Testifying in Congress[edit]
Hassan has advised officials in the United States and the Middle East. In June 2016, Hassan testified before the US Senate Homeland Security and Governmental Affairs Committee on the extremist ideology of ISIS,[27][28] a widely covered hearing.[29][30][31][32] In February 2017, he testified before the House Foreign Affairs Committee on defeating terrorism in Syria.[33]
Publications[edit]
Books[edit]
In 2015, Hassan authored a book with Michael Weiss on the rise of the militant group ISIS, titled ISIS: Inside the Army of Terror.[34] His book was chosen by The Wall Street Journal as one of 10 must-read works on the evolution of terrorism in the Middle East,[35] one of the London Times' Best Books of 2015,[36] and The New York Times Editors' Choice in April 2015.[37] The book was reviewed favorably twice in The New York Times,[38][39] The Guardian,[40] and The Wall Street Journal.[41] The Times' chief book critic, Michiko Kakutani, said the book gave readers "a fine-grained look at the organization’s evolution through assorted incarnations."[42] It has been translated into over a dozen languages.[11]
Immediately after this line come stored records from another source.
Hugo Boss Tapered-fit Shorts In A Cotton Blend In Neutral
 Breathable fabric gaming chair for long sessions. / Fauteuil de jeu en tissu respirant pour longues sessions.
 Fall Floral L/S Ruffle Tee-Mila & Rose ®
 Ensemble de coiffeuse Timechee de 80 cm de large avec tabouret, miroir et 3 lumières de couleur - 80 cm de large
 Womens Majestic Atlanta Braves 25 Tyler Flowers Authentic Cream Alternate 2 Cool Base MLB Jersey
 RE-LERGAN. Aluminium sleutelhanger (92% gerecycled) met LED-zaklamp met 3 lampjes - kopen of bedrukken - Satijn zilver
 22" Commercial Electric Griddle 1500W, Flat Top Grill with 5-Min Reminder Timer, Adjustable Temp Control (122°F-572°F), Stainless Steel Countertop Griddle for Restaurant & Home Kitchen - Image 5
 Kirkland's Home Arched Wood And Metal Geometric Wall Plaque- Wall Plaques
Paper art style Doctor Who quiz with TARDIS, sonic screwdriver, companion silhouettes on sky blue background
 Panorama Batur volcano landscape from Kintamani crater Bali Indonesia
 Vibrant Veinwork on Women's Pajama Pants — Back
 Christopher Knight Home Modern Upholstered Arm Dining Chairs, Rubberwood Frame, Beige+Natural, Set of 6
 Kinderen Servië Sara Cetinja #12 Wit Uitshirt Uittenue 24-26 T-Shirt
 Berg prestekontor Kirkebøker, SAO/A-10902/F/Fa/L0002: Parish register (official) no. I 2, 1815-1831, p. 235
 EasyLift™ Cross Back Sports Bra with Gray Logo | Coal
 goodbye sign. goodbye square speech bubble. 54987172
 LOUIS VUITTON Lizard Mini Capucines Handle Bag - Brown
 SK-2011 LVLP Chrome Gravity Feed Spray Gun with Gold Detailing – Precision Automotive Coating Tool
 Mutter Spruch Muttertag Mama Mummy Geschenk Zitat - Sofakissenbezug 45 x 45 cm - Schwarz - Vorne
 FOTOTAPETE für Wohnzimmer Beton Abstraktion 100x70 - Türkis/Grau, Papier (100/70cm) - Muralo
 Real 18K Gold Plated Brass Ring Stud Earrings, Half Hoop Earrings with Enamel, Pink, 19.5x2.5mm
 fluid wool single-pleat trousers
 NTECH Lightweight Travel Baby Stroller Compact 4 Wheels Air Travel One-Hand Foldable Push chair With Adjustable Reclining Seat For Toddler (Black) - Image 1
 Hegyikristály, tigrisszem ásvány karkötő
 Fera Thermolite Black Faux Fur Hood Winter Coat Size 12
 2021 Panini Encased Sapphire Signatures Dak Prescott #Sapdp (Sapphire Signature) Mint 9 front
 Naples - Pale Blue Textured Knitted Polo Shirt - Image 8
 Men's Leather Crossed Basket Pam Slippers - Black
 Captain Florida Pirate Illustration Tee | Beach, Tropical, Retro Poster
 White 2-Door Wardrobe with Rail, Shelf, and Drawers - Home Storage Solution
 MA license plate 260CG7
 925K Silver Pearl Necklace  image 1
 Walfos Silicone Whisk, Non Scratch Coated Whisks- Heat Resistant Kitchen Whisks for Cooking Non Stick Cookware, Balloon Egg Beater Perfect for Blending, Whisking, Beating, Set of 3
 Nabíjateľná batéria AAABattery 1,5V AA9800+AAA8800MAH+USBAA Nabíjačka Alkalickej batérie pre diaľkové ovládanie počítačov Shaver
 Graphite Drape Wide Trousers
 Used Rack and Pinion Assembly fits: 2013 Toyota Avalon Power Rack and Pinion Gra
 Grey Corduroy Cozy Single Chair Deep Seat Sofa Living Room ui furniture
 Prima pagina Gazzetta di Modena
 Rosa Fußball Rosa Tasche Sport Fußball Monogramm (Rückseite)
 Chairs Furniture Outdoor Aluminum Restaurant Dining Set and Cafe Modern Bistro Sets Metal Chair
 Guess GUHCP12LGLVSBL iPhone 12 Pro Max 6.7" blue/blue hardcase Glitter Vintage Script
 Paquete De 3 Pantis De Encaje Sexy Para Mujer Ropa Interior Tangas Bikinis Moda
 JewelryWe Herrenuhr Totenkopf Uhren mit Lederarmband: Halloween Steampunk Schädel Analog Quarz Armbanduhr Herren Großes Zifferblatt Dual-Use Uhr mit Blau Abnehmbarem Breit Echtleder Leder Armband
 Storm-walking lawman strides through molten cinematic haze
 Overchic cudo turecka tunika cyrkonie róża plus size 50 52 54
On December 24, 2019, Hassan published his translation of a speech of Abu Mohammad al-Julani, the commander-in-chief of the Syrian militant group Tahrir al-Sham, the successor organisation of the Syrian branch of al-Qaeda.[43]
New Lines Magazine[edit]
Hassan founded New Lines Magazine, a global affairs magazine, in October 2020. Since then, he has acted as its editor-in-chief.[44] The magazine was initially launched by the New Lines Institute for Strategy and Policy to showcase the best writing from the Middle East. Hassan told the Reuters Institute in 2021 that the magazine was launched in response to Western journalists’ reliance on outdated views of the Middle East, which pervades coverage of the region.[45]
In September 2022, Hassan announced that the magazine was broadening its coverage to publish stories from around the world.[46]
Harvard University’s Nieman Lab describes New Lines Magazine’s mission as “to serve audiences that want to read long-form, narrative journalism,” with an emphasis on "local reporting from journalists and experts".[47] The magazine has featured regular contributions by journalists like Clarissa Ward,[48] Arwa Damon[49] or Hala Gorani,[50] and public figures like former U.S. diplomat Robert Ford,[51] Syrian intellectual Mustafa Khalifa[52] or musician Alex Skolnick.[53]